「顧客愛」というパーパス<NPS3.0>
フレッド・ライクヘルド、ダーシー・ダーネル、モーリーン・バーンズ
プレジデント社
本書の要約
パーパスに従って勝利するリーダーは、優れたチームメンバーを引き寄せ、刺激し、顧客の日々を明るくする行為を通じて、人生の目的を見つけられるよう支援します。チームが、顧客の生活を豊かにして感謝されて報酬を得ることができれば、パーパスにけん引された弾み車が持続可能な成長と経済的な繁栄を加速させてくれます。
顧客資本主義の時代
顧客を最も愛する企業が株主にも最高のリターンを提供しているという、説得力ある証拠を見出せるだろう。顧客を幸せにすることで、投資家も幸せにできる。ところが、逆の戦略は間違いなく失敗する。なぜなら、企業が投資家の利益を最優先にすると、顧客をないがしろにする行為を頻繁に行うようになるからだ。(フレッド・ライクヘルド)
現代は、顧客資本主義の時代に入ったと著者は指摘します。ネットプロモーター経営システムの考案者であり、 ベイン・アンド・カンパニーのロイヤリティ事業の創設者のフレッド・ライクヘルドは、顧客愛に基づいて成長を遂げる企業が実践するアクションを「NPS3.0」と定義します。
「最高の成長エンジンの燃料は顧客ロイヤルティである」という考えに基づくリーダーがいる企業が、顧客からの支持を得て成長します。
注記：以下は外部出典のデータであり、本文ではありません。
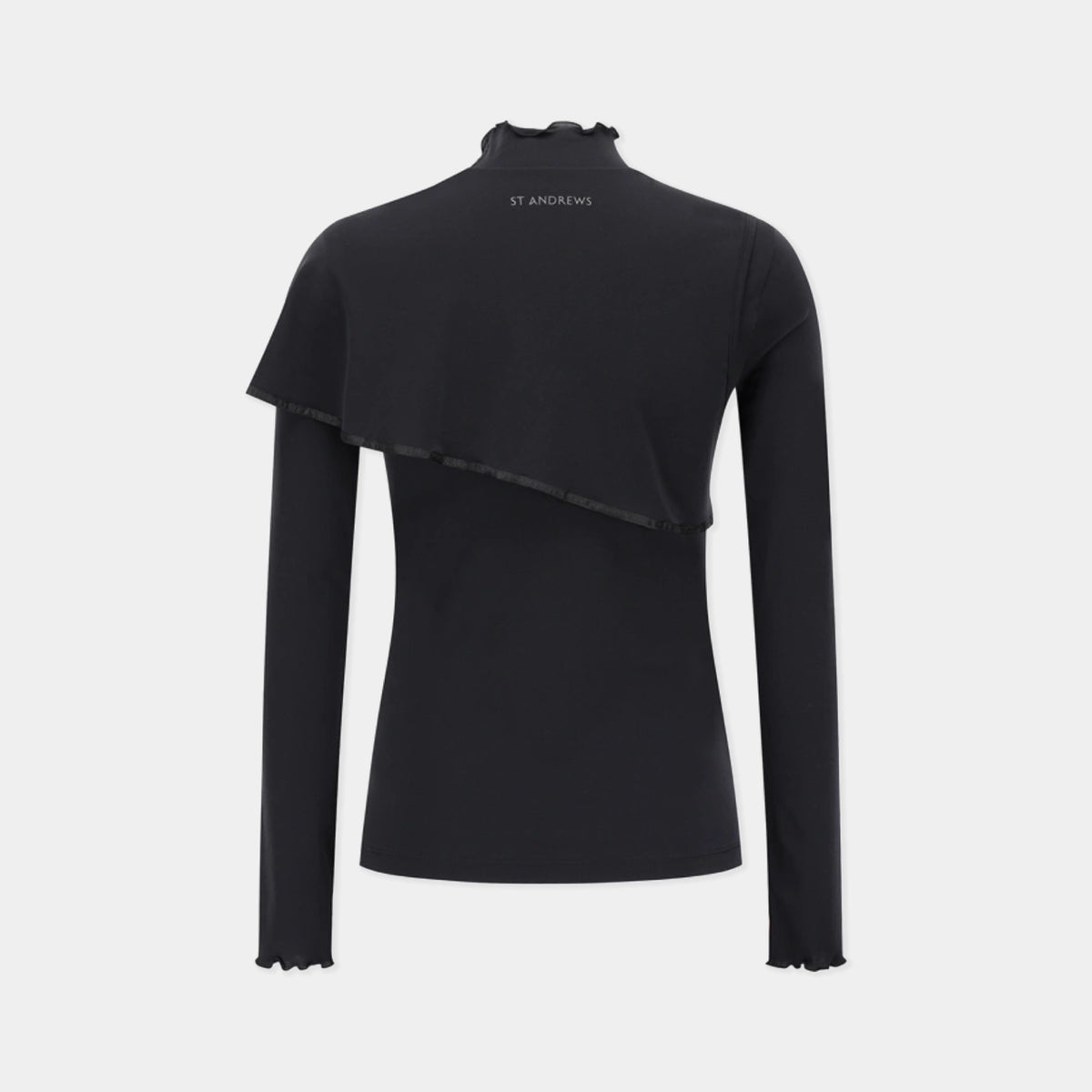 A black long-sleeve mock neck top with an asymmetrical draped overlay and ruffled edges, featuring the brand name 'ST ANDREWS' printed in white on the back of the neck, shown against a light gray background.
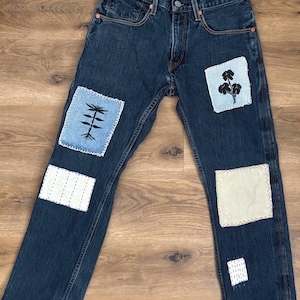 May include: Dark blue denim jeans with multiple patches. Patches include embroidered designs of a plant, a tree, and geometric patterns. The jeans have a classic five-pocket design and a button and zipper closure.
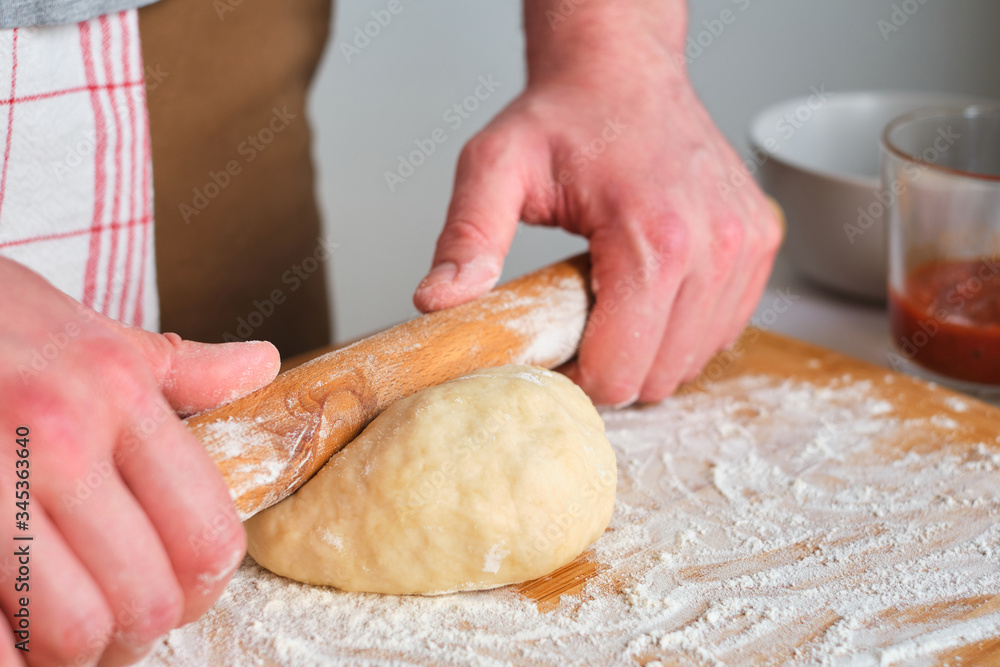 A man is preparing pizza dough. Men's hands in flour. Cooking homemade italian pizza. Preparation raw ingredients for baking. Fresh natural healthy food. Сulinary сhef kneading dough on kitchen table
チームが顧客を正しく扱うことができなければ、企業はやがて失速します。顧客だけでなく、リーダーが仲間を大切に思う気持ちもつ会社の成長は加速します。自分たちの問題を解決し、しかめ面を笑顔に変えることができるチームを顧客は応援します。 強い企業はチームメンバーが顧客を大切に扱い、顧客からも愛されることで成長を勝ち取っているのです。
顧客は、自分が大事にされていると感じれば再び来店し、家族や仲間を連れてきてくれるます。NPS(ネット・プロモーター・スコア:推奨者の正味比率)が最も高い(つまり、顧客から最も愛されている)企業から人はモノやサービスを購入します。(NPSの関連記事はこちらから)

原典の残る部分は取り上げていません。